100 The view was more wonderful than ever. The blue sky, the blue sea,
101the far blue mountains of the Bay’s towards Geneva, the great white
102snow mountains beyond Spitzia showing beyond them. One felt the tears
103coming into one’s eyes with joy, it was so lovely. I think the rain
104& snow are over now. At de Aar I couldn’t without great difficulty
105walk from the station to my house, & sometimes dropped down in the
106sand half way feeling I was dying. This morning I walked nearly two
107miles with-out feeling it.
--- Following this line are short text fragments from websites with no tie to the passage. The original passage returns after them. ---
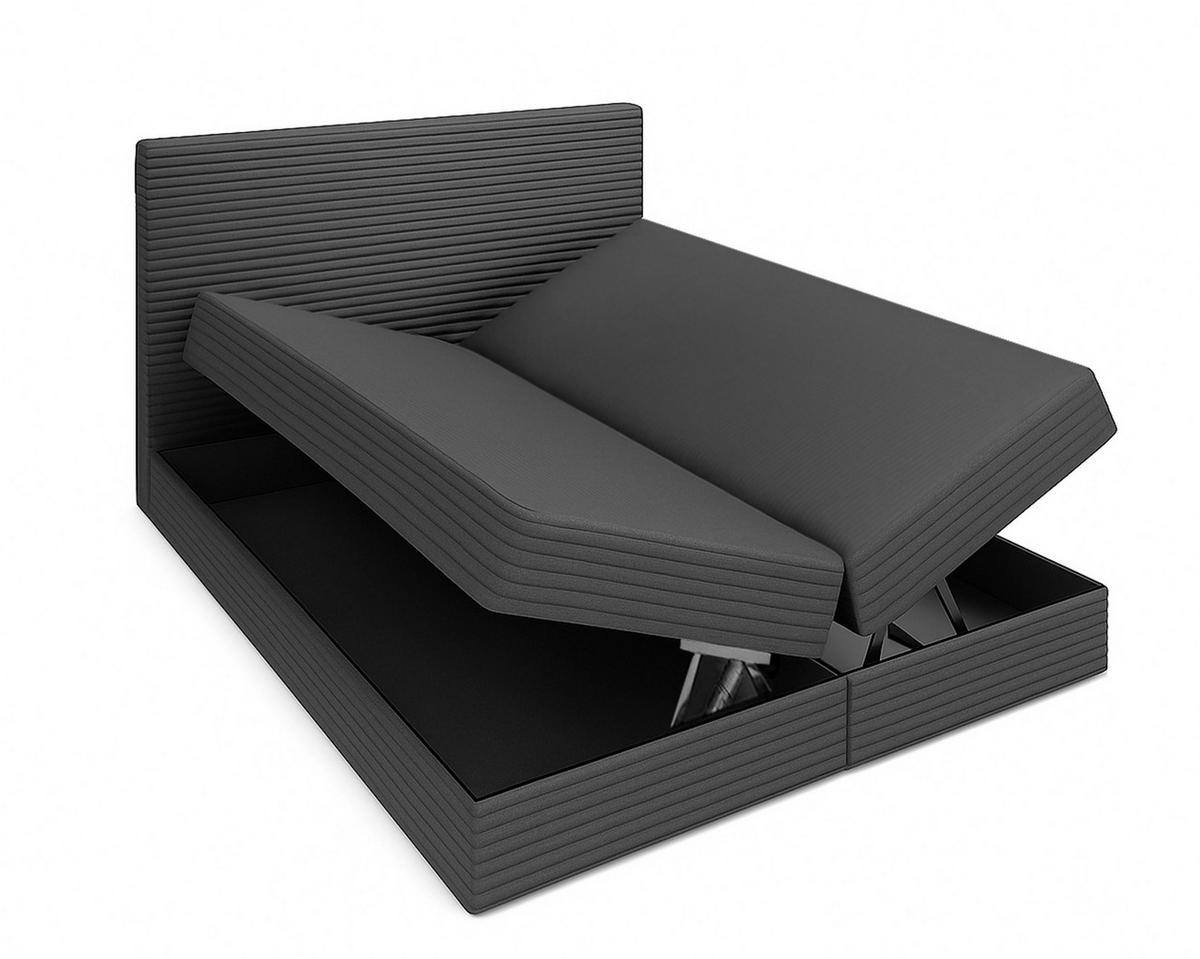 BOXBETT SEVDAYLA 140x200 cm mit Bettkasten und Matratze - Beige - Beige/Schwarz, Holz/Holzwerkstoff (140/200cm) - AX Living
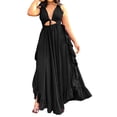 thumbnail image 2 of Fankiway Mode Femmes Robe Débardeur Sans Manches Col en V Été Confortable Couleur Décontractée Robes d'Été pour Femmes Liquidation Robes pour Femmes Grande Taille Liquidation, 2 of 5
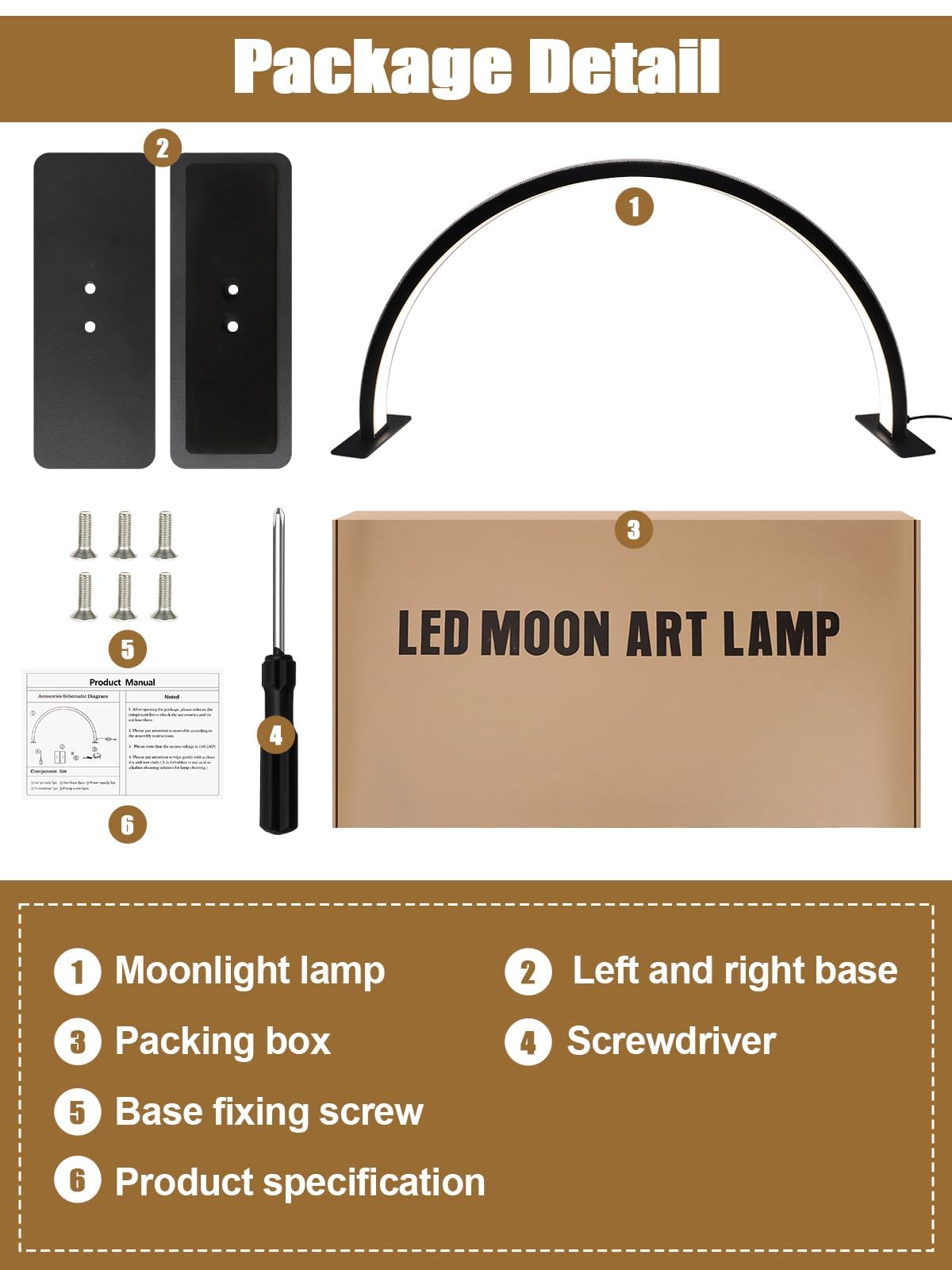 Kalolary 28" Half Moon Lash Light | 3000K-6000K LED Desk Lamp for Nails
I wish everyone I love was here enjoying
108this beautiful air.
109
110 Good bye dear old man
111 Olive
112
113
114
Notation
The 'stray thoughts' Schreiner mentions are the essays originally published pseudonymously from 1891 on as by 'A Returned South African', intended for publication in book form as 'Stray Thoughts on South Africa'. However, although prepared for publication, a dispute with a US publisher and the events of the South African War prevented this. They and some related essays were posthumously published as Thoughts on South Africa. Emily Hobhouse's speech was the one she was to have made at the unveiling of the Vrouemonument, the memorial to women and children who died in the concentration camps of the South African War, on 16 December 1913. She was too ill to do so, but the speech appeared in newspapers and was read out at the ceremony. See Schreiner's letter of November 1913 to her brother Will (Olive Schreiner BC16/Box5/Fold2/1913/47) regarding her role in editing Hobhouse's speech.